For the first half of 2017 Euronav had a net profit of USD 10.1 million, significantly lower than the net profit of USD 153.7 million reported in the first half of 2016. The company’s revenue in the first six months of the year dropped to USD 290.5 million from USD 404.4 million seen in the corresponding period a year earlier.

“Euronav made considerable progress during Q2. The confirmation of the extension of our five-year FSO contracts combined with an additional two seven-year time charters provide us with a robust and visible fixed income profile,” Paddy Rodgers, CEO, said.

Rodgers added that the tanker cycle is “positioned at an interesting intersection.”  Demand for oil saw upgrades during the second quarter for both 2017 and 2018 (IEA), supply of oil remains abundant despite OPEC production cuts and modern asset prices appear to have stabilized.

“The key challenge for the tanker market is the concentration of deliveries of newbuildings in both the VLCC and Suezmax sectors over the next 18 months which is putting pressure on the freight rate market.”

“If the illness is low freight rates then the cure is low freight rates as that should drive scrapping activity. Until this inflection point is reached, Euronav retains substantial balance sheet capacity and fixed income visibility to navigate through such a period of lower freight rates and/or to take advantage of expansion opportunities,” Rodgers said.

According to Euronav, the tanker freight market may be more challenging in the near future than in the last ten quarters and as a result the company “may not generate semi-annual positive results.”

As a consequence, the company may not distribute significant interim or final dividends, or any dividends at all, Euronav informed.

Meanwhile, tanker owner and operator Navios Maritime Acquisition Corporation reported a 21.5% decrease in its revenue in the second quarter of 2017, mainly driven by a drop in the market rates.

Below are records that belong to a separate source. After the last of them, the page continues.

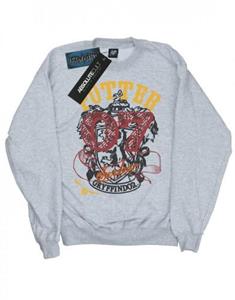 Harry Potter jongens Griffoendor Seeker Sweatshirt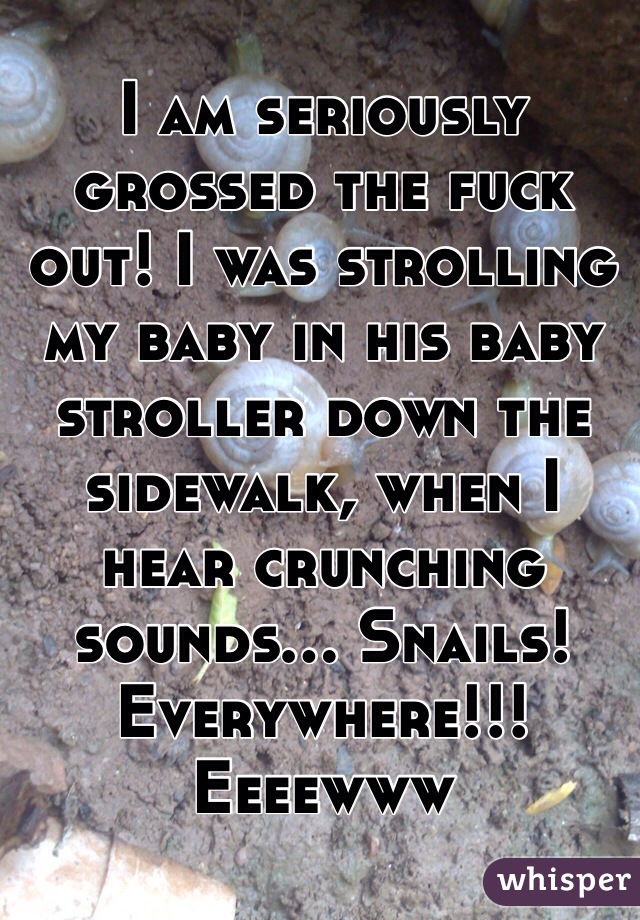 I am seriously grossed the fuck out! I was strolling my baby in his baby stroller down the sidewalk, when I hear crunching sounds... Snails! Everywhere!!! Eeeewww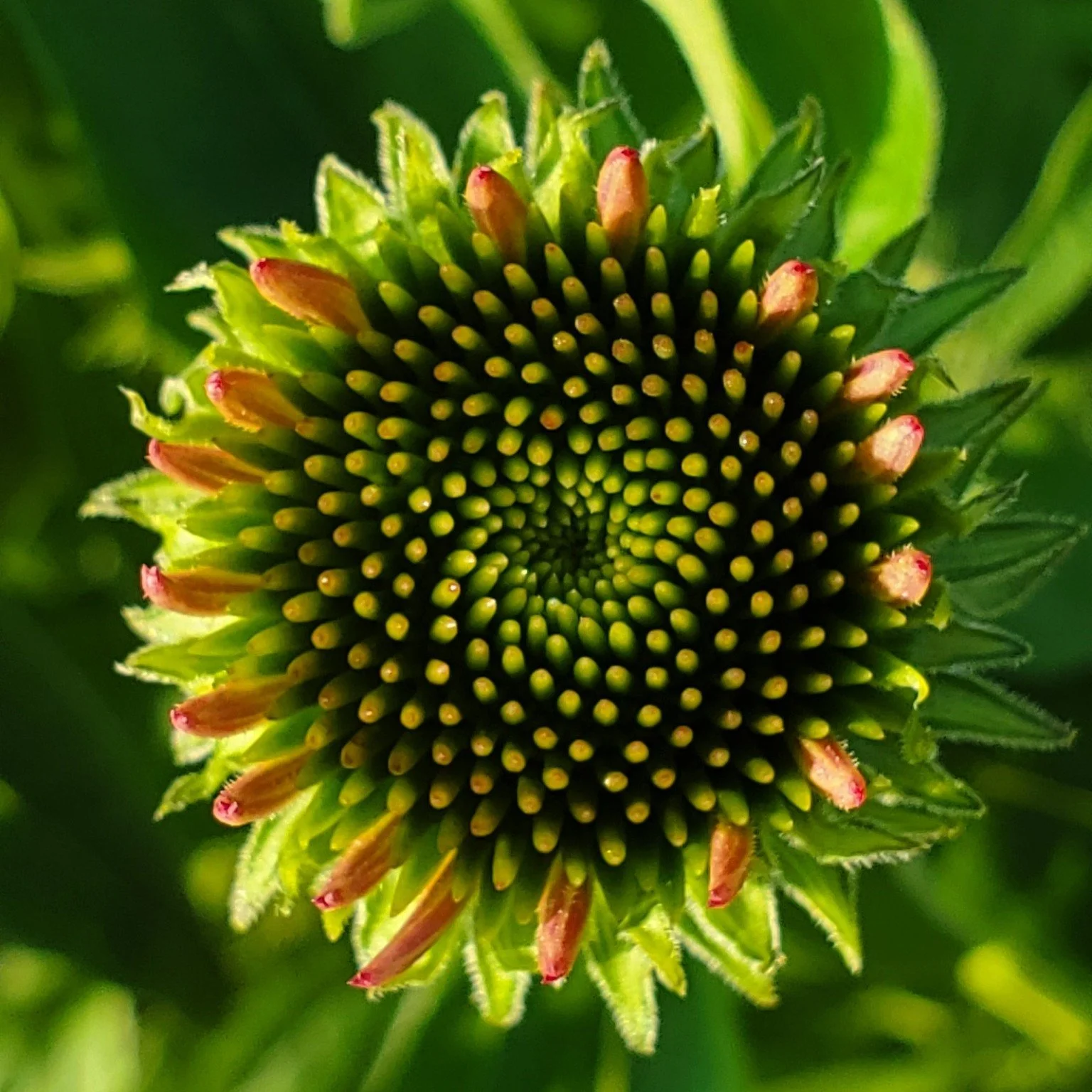 AJNA CHAKRA // THIRD-EYE 

Awaken your intuitive guide, the fire that creates your path, and your perceptions of the world around you.  Lean into the spirit of your heart-mind consciousness and uncover your inherent wisdom, contentment and strength. 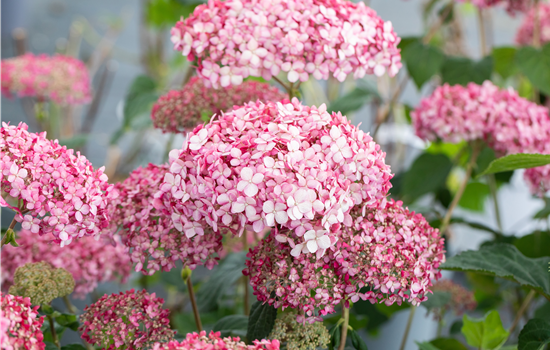 Hydrangea arb. 'Pink Percussion'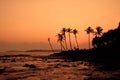 Tropical Orange Sunset Palm Silhouette Landscape. Sri Lanka Beach Royalty Free Stock Photo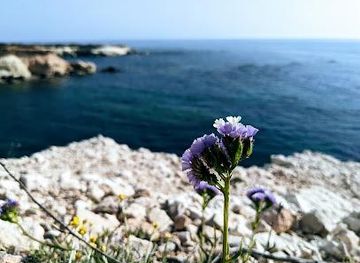cyprus/pissouri/attraction/sea-caves
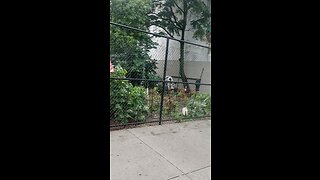 community gardens of NY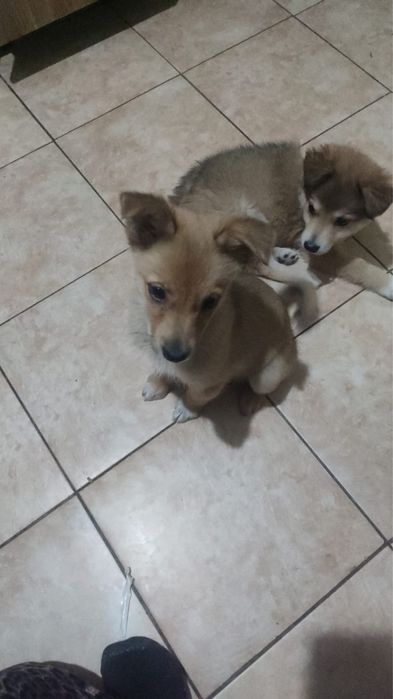 Щенок собаки 3 месяца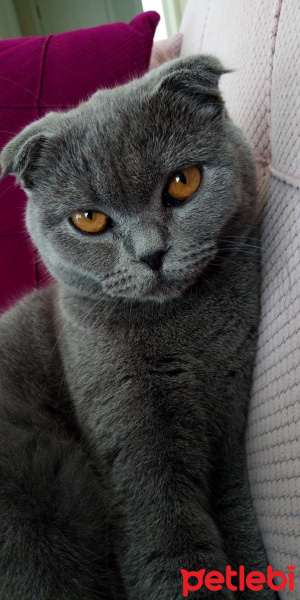 Scottish Fold, Kedi  Mia fotoğrafı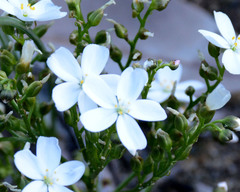 Drosera humilis
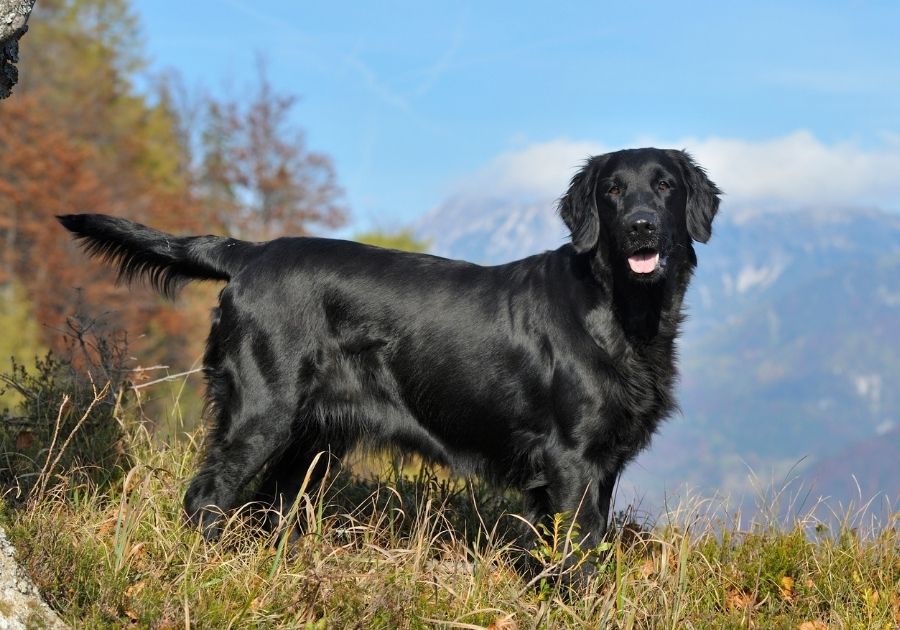 Black Flat-Coated Retriever Dog Standing on Grass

The company’s revenue for the period stood at USD 58.5 million, as compared to USD 74.5 million seen in the same period of 2016. Net loss for the second quarter was at USD 64.4 million, against a net income of USD 12.1 million reported in the corresponding quarter a year earlier.

The time charter equivalent (TCE) rate was down to USD 17,491 for the three month period ended June 30, 2017, from USD 21,380 reported in the same period of 2016.

“The recent volatility in oil price and the continued uncertainty concerning commodity pricing have affected oil transportation. However, our chartering strategy of seeking long-term employment has insulated us somewhat,” Angeliki Frangou, Chairman and Chief Executive Officer of Navios Acquisition, said.

“We have earned above-market charter rates when spot rates were contracting and period employment was unavailable,” Frangou added.

Revenue for the six month period ended June 30, 2017 decreased by 20.6% to USD 122.9 million, as compared to USD 154.9 million for the same period of 2016. The company said that its net loss for the period reached USD 58.8 million, against a net income of USD 35.9 million reported in the first six months of 2016.

TCE rate decreased to USD 18,475 for the six month period ended June 30, 2017, from USD 22,055 for the six month period ended June 30, 2016.